O zaman Yüce Allah da, senin hakkında hayır murad eder; seni salihlerden kılar..."
‘GAFLET UYKUSUNU KENDİNE HARAM KIL’
II. Bayezid'den, Yavuz Sultan Selim'e…
"Eğer sana itaat edilmesini istersen daima hak sahibine hakkını ver ve herkese mütevazı ol, kimseye zulüm etme. Allah'ın kulu isen onun emrine uyarak adaletli ol.
Allahü Teâla seni bu ülkelerin saltanatına nail kıldığı için kendine gaflet uykusunu haram kıl. Zira halkın sana itimad edip uyumaktadırlar.
‘FELEK ELBET SENİN DE SIRTINI YERE GETİRİR’
Kimseyi öfke ile azarlama, memleket ehlini huzursuz kılma. İntikam almayı terk et; zira intikam, nikmete (intikam almaya) ve meşakkate düşürür ve kalpten sevgiyi söküp çıkarır.

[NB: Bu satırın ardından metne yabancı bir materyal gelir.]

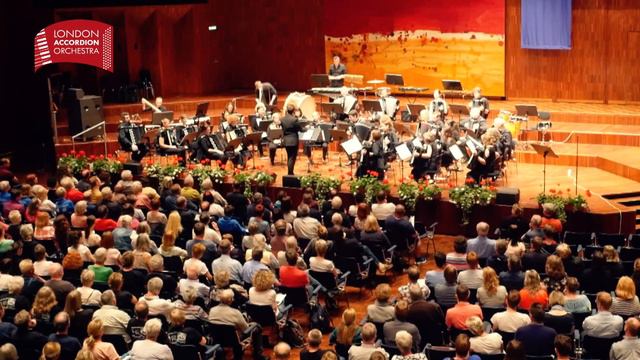 London Accordion Orchestra Innsbruck 2019 смотреть онлайн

Şu anki kuvvet ve satvetine (kahredici kuvvetine) güvenip de kimseye zulmetme, zira bu mülk kimsede baki değildir, felek elbet senin de sırtını yere getirir."
‘BUNLARI SATIP CİDDE-İ MAMUREYE SU GETİRTESİN’
Kanuni Sultan Süleyman, oğlu Selim Han'a...
"Benim canımdan sevgili, iki gözümün nuru Selim Hanım! Bu iki bâzubendi (kola takılan muska) ve bir mücevherli el sandığını vakfeylemişimdir (bağışlamışımdır).
Fahr-i Cihan (âlemin övüncü) olan Muhammed Mustafa'nın pâk ruhu içindir. Bunları satıp Cidde-i Mamureye su getirtesin.
‘OĞULLUK EDİP BU VASİYETİ YERİNE GETİRESİN’
Oğulluk edip bu vasiyeti yerine getiresin. Saraydaki cümle ağalar ve cümle oda oğlanları şahittir. Sen benim el yazım bilirsin. Bu esbab (elbise) Fahr-i Âlemindir benim değildir. Göreyim nice yerine koyarsınız. Dünya kimseye pâyidar (kalıcı) değildir. Umud edilir ki, bahâsıyla (değerinde) satarsınız.
Hak Teâlâ bu seferi mübarek edip gönül hoşluğuyla gelmek müyesser (kısmet) ede, Habibi (Sevgilisi Hz. Muhammed) hürmetine aleyhisselam."